Generally for mead making you want the least flavourfully honey as when it ferments the sweetness is taken out and the floral flavours come to the fore, my favourites are clover and yellow box.

Make your mix (honey and water), sterilise it by giving it a gentle simmer, cool it and get the yeast in. (an OG of 1070 1080 would be good for a first attempt at a sweetish mead)
When you come back from NZ rack it, if the yeast doesnt carry over you can always add some more yeast and maybe a bit of nutrient to the rack and possibly some more honey depending on how well the yeast has done.

When you get back email me if you like and Ill send you some acid/nutrient/vitamins/trace-elements that I have premixed. (No charge just to get you started).
MHB


----------



## /// (6/2/10)

As per MHB, relax, dont worry ... have a beer/mead/braggot.

The acidification addition is a very much a 'winemaker' position. I have not made mead for a few years (captains log: brew mead soon), but the couple I have have all been different in flavour and profile.

Unlike beer, musts from grapes, pears, honey etc do not have a lot of naturally occurring nutrient. You can either let fermentation take place without additional nutrient and spend several months waiting for it to finish, or make a small addition of nutrient to make the process quicker (a 'fastner' like DAP)

Very often musts will keep fermenting to an SG of 1.002 or below, so ascorbic acid can be used to put the yeast to sleep at a SG that suits your taste preferences (ie sample then add to stop). This is different from the acid you were advised to use, this acid is to used to offset the flavour profile as a compensate for the low amount of residual sugar left if the resulting mead (a 'fixer') if left unchecked.

The best mead I have ever made was 8kg of Woolies variety honey with a dose of DAP and White Labs California Steam yeast with 20l of water. The mead was clean, sweet and still when bottled, but over 12 months took on carbonation akin to champagne. Every time I popped a bottle it was a lucky dip.

Fastners and fixers can be employed, but I reckon at least use some DAP to get the ferment thru and wait for the 'whats going to happen next'. A word of advise though, fruit meads can be interesting but do not choose watermelon; mine tasted like paint stripper and made paint bubble!

Also, the whole plastic and 'no rack' thing is a croc, I am still amazed at people using glass for fermentations, it is absolute and utter madness! (I do not have the nickname OH&S Scotty for nothing, and I would not even go that dangerous!). Extended yeast exposure is also not a good thing in some books.

As one hell of a gent, follow MHB's advise and he will see you thru. Although, send him an email as it can take some time to get off the phone from him ... :icon_chickcheers: MHB is guaranteed enthusiasm for all things fermentable!

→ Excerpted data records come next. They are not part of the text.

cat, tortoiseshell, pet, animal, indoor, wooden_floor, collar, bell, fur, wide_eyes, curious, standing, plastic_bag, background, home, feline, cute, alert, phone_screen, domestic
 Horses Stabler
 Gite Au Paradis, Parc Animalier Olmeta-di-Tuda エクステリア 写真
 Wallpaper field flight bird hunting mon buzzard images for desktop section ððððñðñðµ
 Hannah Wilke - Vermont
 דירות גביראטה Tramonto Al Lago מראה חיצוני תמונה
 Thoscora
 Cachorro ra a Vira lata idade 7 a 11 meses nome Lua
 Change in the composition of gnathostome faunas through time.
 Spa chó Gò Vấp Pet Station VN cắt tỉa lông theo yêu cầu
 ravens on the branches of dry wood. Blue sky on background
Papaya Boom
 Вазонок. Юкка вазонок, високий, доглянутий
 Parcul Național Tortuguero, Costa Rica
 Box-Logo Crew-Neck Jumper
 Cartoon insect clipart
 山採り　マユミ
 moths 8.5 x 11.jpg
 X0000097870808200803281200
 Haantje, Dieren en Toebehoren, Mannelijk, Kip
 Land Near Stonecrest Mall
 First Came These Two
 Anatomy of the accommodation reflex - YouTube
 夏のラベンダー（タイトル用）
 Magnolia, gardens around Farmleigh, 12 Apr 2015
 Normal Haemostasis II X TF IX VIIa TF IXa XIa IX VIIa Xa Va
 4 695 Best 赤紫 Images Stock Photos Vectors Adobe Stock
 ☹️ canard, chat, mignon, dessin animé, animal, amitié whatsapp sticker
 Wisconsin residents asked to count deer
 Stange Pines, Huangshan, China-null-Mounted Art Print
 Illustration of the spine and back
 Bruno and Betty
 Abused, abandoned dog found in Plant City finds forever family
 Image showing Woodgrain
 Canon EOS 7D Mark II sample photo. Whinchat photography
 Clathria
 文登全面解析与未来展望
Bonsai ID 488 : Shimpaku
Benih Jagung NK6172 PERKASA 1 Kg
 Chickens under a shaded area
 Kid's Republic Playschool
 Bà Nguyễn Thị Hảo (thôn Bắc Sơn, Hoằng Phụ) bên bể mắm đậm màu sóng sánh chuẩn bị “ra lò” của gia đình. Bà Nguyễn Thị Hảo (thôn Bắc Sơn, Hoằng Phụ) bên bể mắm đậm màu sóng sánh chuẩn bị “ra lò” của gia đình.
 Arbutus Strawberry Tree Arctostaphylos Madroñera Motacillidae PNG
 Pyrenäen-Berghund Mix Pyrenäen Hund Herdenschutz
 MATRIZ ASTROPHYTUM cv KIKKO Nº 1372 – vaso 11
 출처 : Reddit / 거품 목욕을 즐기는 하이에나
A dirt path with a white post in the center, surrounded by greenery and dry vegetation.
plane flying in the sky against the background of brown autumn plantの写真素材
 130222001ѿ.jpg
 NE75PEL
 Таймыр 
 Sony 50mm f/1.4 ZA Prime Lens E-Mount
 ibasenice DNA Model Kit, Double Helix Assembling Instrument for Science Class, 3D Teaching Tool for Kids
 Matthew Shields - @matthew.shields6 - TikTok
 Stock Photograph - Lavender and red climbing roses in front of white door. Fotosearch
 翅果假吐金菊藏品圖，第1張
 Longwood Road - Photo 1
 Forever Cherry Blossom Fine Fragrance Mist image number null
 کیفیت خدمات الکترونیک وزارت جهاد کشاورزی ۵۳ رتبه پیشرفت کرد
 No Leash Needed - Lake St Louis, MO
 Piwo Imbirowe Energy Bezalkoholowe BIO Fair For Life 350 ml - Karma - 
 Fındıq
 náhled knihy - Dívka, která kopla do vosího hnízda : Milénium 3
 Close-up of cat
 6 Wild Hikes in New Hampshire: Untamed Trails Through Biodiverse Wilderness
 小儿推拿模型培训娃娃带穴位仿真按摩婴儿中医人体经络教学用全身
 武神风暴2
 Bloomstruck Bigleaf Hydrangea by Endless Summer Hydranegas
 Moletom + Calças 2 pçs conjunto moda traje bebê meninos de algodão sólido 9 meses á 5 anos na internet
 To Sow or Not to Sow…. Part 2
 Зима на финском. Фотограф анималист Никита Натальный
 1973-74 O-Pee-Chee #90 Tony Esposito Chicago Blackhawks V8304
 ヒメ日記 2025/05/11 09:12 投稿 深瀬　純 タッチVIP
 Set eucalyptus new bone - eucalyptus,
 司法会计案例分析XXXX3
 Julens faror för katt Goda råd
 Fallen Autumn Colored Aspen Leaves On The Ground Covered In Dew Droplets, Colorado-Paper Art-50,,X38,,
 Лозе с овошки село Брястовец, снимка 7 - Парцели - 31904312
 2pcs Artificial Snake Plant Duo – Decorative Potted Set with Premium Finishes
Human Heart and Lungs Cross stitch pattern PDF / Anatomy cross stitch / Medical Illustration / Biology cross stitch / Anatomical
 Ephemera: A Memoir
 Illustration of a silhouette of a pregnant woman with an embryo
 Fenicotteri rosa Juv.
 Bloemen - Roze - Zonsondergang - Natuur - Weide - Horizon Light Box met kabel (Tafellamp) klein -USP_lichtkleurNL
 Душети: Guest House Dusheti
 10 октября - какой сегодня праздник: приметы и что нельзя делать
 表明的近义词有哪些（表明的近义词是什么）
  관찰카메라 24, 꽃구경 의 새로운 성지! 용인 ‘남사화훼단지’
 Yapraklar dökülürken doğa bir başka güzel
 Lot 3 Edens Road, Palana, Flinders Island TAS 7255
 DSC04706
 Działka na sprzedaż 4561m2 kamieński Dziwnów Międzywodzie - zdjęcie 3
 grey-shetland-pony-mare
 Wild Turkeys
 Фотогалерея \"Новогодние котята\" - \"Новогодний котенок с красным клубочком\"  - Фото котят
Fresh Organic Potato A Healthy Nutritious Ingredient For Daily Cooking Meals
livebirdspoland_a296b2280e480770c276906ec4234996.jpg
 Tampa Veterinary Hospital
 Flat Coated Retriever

Keep us posted and happy fermentations.

Scotty


----------



## pdilley (6/2/10)

Lalvin 71b will pull a 1070-1080 mead must bone dry MHB, or did you have another yeast in mind for him to use or just force stop the fermentation?

Cheers,
Brewer Pete


----------



## Airgead (6/2/10)

moovet said:


> Hi all,
> 
> I am a beekeeper getting started with meadmaking. I have some very aromatic tasty urban honey I think would make great mead but have been seriously confused about advice I have received today for brewing my first batch.
> <snip>
> ...



OK... There is a lot of pretty old and very bad information out there on mead making. Its about 20 years behind home brewing as far as accurate brewing information is concerned. I have been doing some tests on common mead making techniques . So from the best of my (limited) knowledge - 

1 - I usually add acid after fermentation. Acid can inhibit yeast activity so I add it after fermentation is finished. I use an acid test kit on the finished mead and balance the acid to match the style I am after. I did a test with identical meads, one adding acid before fermentation and one after. The after fermentation one fermented faster and cleaner. They both tasted good though.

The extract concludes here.